Толпа примолкла, глядя на князя, идущего прямиком к волхву. В наступившей темноте громко звучали шаги Глеба.
Гремысл вполголоса приказал лучникам изготовиться к стрельбе. Он не мог понять, что задумал Глеб. Одно ему было совершенно ясно: князь решил говорить с волхвом, а не с народом.
Кудесник
Глеб остановился в двух шагах от язычника и громко проговорил:
– Я слышал, ты можешь читать будущее людей?
– Могу, князь, - гордо ответил кудесник.
– А свое будущее знаешь ли?
– Наперед всего прочего, - тем же тоном ответил волхв.
– Знаешь ли, что будет с тобой завтра?
– Знаю все.
– Знаешь ли, что с тобой будет сегодня? Кудесник победно поглядел на князя:
– Чудеса великие сотворю и прославлен буду всеми!
– Прими же тогда от меня дар сей, - промолвил Глеб, делая шаг к волхву и доставая что-то из-под плаща.
Толпа ахнула, увидев занесенный топорик в руке князя.
Волхв не успел ни отпрянуть, ни заслониться руками - чекан с тупым звуком раскроил ему череп. Кудесник упал, на земле возле его головы растеклась большая лужа крови. Толпа в оцепенении взирала на Глеба, стоящего с окровавленным чеканом в руке, на тело, распростертое у его ног.

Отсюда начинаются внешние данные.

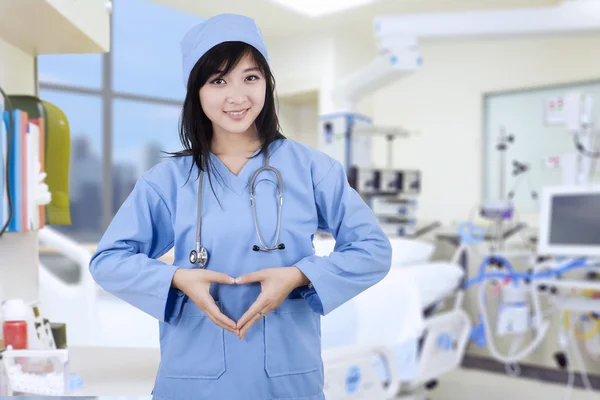 Young surgeon makes heart symbol — Stock Photo, Image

Таким жестоким, но простым способом Глеб уверил новгородцев, что кудесник, пожаловавший из приильменских лесов, оказался обычным шарлатаном.
Древнерусский летописец записал: «…И пал волхв мертвым. И люди, видя это, разошлись. Вновь установился мир и покой в городе. И никто не помышлял о мести князю своему».
Разлады
По первым заморозкам вернулся Ян Вышатич в Чернигов и поведал князю Святославу про все увиденное за время долгого пути:
– У новгородцев второй год недород, токмо торговлей и живут. Князь Глеб их шибко не неволит, недоимки прощает и смердам голодающим хлеб дармовой раздает из своих амбаров. Лихварей Глеб поприжал, холопов выкупает из неволи и на землю сажает. Попенял я Глебу на это, да, чаю, не дошли до него слова мои.
Святослав усмехнулся про себя: «От Глеба этого и нужно было ожидать!»
– Под Ярославлем два волхва смердов возмутили и по реке Шексне дошли до Белоозера с тремястами чем попало вооруженных мужиков, - продолжил Вышатич.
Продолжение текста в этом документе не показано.